On Apr 22, 7:22*am, "J.D. Walker" wrote:

I have no problem with fighting draws. *To me, they are good chess.


Fighting draws can indeed be very good chess. Since the "expected
value" of chess seems to be less than a forced win for White, it seems
reasonable that a draw is less likely to contain a blunder by one
player than a win.

But the problem I'm trying to solve isn't to get Grandmasters to play
better chess. They're Grandmasters, and they _are_ playing Grandmaster-
level chess. It isn't broken, so I can't fix it.

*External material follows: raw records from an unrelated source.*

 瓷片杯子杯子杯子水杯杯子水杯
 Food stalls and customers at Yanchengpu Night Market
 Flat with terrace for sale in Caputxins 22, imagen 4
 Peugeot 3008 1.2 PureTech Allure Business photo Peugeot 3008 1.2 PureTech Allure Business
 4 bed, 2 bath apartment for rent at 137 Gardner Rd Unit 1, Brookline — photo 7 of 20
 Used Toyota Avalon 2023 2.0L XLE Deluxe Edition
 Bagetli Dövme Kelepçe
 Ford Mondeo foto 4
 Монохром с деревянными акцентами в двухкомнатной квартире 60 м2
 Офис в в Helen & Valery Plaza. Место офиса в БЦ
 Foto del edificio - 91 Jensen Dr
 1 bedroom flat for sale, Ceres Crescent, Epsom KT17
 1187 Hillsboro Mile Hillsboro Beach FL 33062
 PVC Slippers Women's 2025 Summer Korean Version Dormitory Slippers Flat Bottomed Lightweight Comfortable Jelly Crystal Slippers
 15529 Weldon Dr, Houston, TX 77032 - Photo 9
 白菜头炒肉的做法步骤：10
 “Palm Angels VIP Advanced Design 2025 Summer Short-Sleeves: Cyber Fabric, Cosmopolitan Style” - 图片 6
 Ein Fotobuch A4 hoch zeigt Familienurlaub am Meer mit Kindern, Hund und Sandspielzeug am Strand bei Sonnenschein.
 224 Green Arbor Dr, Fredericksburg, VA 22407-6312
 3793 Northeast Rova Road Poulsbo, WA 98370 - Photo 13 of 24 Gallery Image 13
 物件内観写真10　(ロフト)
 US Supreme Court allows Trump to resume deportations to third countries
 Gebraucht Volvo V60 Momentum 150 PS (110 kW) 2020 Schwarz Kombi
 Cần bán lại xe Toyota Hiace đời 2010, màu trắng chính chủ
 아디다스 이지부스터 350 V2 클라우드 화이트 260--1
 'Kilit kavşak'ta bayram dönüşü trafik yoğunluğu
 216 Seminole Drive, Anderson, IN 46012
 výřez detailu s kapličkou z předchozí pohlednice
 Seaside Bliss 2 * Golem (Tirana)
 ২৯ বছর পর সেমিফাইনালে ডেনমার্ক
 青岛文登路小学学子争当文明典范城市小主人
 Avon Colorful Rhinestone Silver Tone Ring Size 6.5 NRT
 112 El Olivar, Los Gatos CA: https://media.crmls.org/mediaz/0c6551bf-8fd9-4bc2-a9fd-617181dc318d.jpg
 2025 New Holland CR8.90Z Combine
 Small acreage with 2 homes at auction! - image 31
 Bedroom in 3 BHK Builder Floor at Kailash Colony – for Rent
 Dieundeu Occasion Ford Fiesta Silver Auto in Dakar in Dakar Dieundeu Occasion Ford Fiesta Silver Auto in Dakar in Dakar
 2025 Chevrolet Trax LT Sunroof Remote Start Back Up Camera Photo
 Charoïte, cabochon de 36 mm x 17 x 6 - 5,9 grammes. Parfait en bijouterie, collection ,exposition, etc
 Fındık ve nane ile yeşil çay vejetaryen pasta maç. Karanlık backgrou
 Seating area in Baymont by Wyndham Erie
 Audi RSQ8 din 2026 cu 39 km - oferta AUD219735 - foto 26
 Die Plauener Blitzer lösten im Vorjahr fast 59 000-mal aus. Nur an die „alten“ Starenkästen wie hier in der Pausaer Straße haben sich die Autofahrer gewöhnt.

Non-fighting draws can be addressed by various stratagems (i.e. 1/3 -
1/3) but they lead to certain complications of another kind that I'm
unprepared to address.

The problem I'm trying to solve, thus, isn't non-fighting draws, nor
is it inferior play. Instead, I am looking at what I think is a larger
perceived problem; that Chess isn't as popular as it was in the grand
old days before Steinitz, because the players know too much about
positional play, so fireworks like Queen sacrifices don't happen as
often.

So my ambitions here can be criticized as meretricious. I'm trying to
make Chess seem exciting not just to those who can savor advanced
positional play, but instead to bring back excitement even a
woodpusher can appreciate.

Getting even a small fraction of a point on the scoreboard is
something that's worth sacrificing a Queen for - and this is why I'm
trying to narrow down the range of draws, so that while defensive play
can still protect one against checkmate, it still doesn't fully
deprive one's opponent of valuable things to do - either gaining a
minor victory, or preventing you from obtaining one.